K-means clustering using sklearn and Python

lawlorino · on Oct 31, 2019

This just seems like an advert for a mailing list and some ML platform I've never heard of, the article content doesn't offer anything new over the million other beginner sklearn tutorials out there.

andrewmatte · on Oct 31, 2019

Yes and the bait and switch from business for flowers?

And K-means??? Why not HDBSCAN?

Buetol · on Oct 31, 2019

Each time somebody points out K-means, I show them this clustering benchmark by the scikit-learn project: https://scikit-learn.org/stable/_images/sphx_glr_plot_cluste...

wpietri · on Oct 31, 2019

Wow, thanks so much for that. I was trying to figure out how to do clustering for geographic place names (from AIS data) and that one image answers so many questions for me.

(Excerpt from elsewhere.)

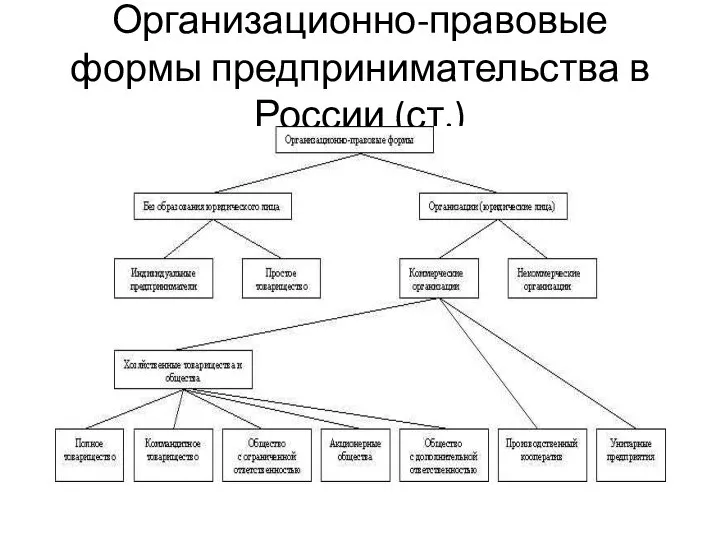 Организационно-правовые формы предпринимательства в России (ст.)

Godel_unicode · on Oct 31, 2019

I printed this out and put it on the wall by my desk a while back because of the number of questions people were asking me about various clustering algorithms.

vasili111 · on Oct 31, 2019

Any accompanying text for the image?

Buetol · on Nov 1, 2019

Yes, here's the context: https://scikit-learn.org/stable/modules/clustering.html

carokann · on Nov 1, 2019

Anyone willing to describe us the importance of this image? I'd like to be enlightened.

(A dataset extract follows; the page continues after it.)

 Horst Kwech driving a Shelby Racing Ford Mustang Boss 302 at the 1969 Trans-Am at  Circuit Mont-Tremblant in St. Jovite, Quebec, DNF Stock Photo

starpilot · on Oct 31, 2019

Really depends on your data and what clustering you want. There isn't one "best" clustering algo. Sometimes you really DO want partitioning, and KMeans works better. Sometimes it's agglomerative for connecting thin threads. What I've found is that HDBScan is too conservative in clusters. It's usually just running the data through numerous models and seeing which are the most stable after parameter tuning, and what is usable by marketing.

lootsauce · on Oct 31, 2019

Just read this today! Also this lib is from the maker of the amazing UMAP dimension reduction lib.

https://hdbscan.readthedocs.io/en/latest/performance_and_sca...

lawlorino · on Oct 31, 2019

Exactly! At least with an actual customer dataset,that it implied at first that it was going to use, it would have been slightly useful.

sillysaurusx · on Oct 31, 2019

I see a lot of people asking for more advanced notebooks.

Recently I was asked to participate in a competition to identify brain hemorrhages (https://www.kaggle.com/c/rsna-intracranial-hemorrhage-detect...). It turns out jhoward has published a lot of Kaggle notebooks walking through the entire process of gathering the data, cleaning it, implementing a learning algorithm, and submitting an entry.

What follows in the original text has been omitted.